[WORK TO BE COMPLETED]
Every record should be copied exactly, and the images omitted.

════════════════════

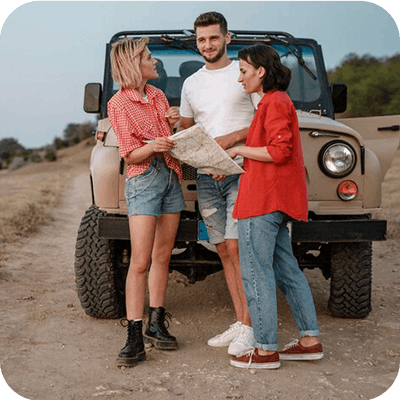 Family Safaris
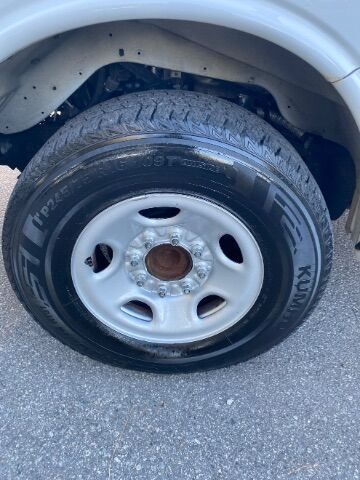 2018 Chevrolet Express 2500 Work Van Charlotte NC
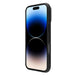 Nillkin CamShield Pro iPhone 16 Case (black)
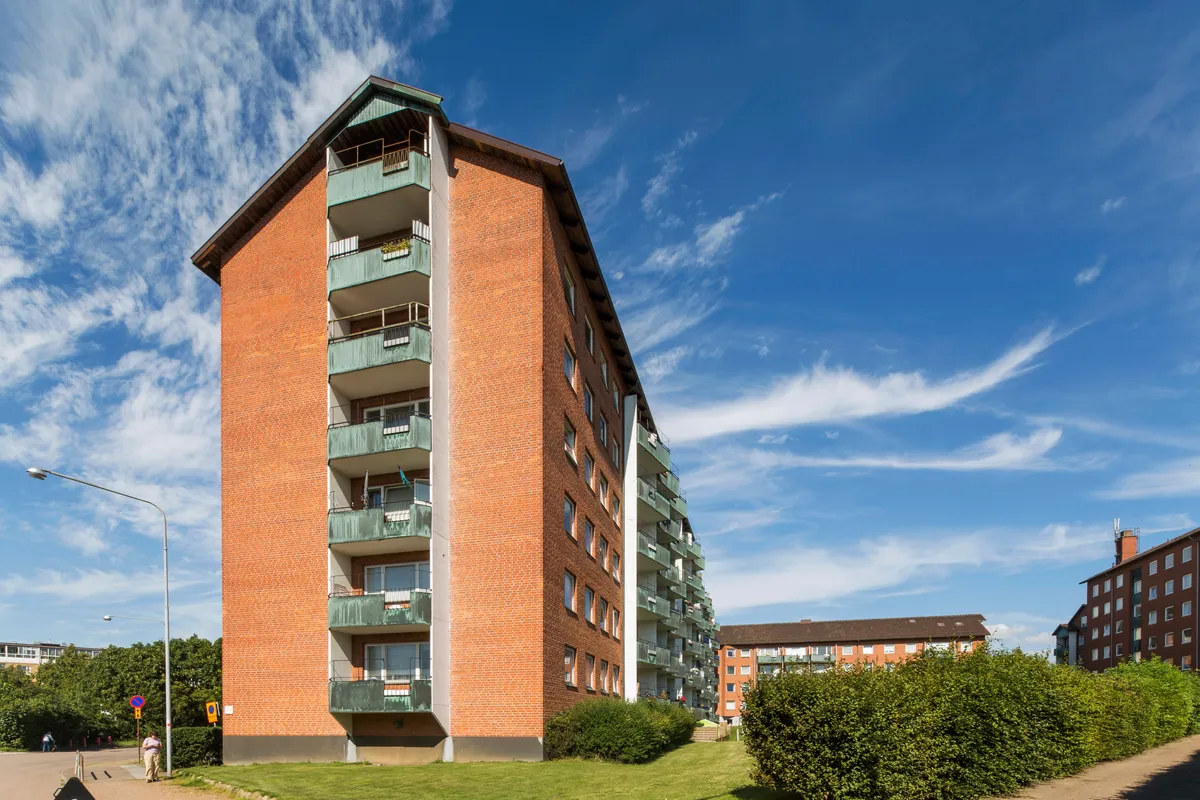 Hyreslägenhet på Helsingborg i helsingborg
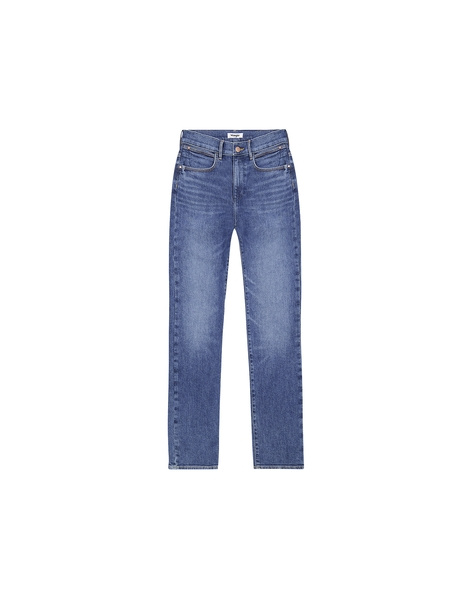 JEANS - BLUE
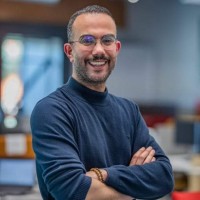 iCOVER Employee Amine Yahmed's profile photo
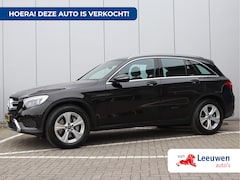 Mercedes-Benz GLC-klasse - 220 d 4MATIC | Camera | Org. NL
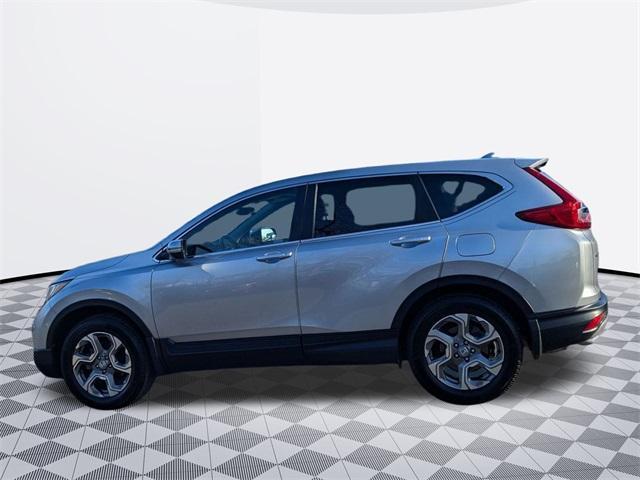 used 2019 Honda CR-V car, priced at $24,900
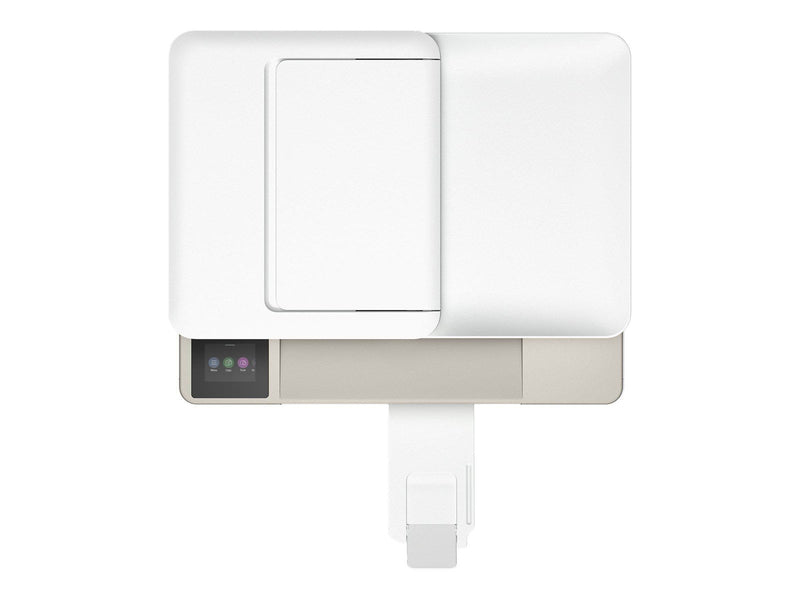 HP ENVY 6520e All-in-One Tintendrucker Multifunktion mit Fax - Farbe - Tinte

════════════════════

[WRITTEN ANSWER]
 Family Safaris
 2018 Chevrolet Express 2500 Work Van Charlotte NC
 Nillkin CamShield Pro iPhone 16 Case (black)
 Hyreslägenhet på Helsingborg i helsingborg
 JEANS - BLUE
 iCOVER Employee Amine Yahmed's profile photo
 Mercedes-Benz GLC-klasse - 220 d 4MATIC | Camera | Org. NL
 used 2019 Honda CR-V car, priced at $24,900
 HP ENVY 6520e All-in-One Tintendrucker Multifunktion mit Fax - Farbe - Tinte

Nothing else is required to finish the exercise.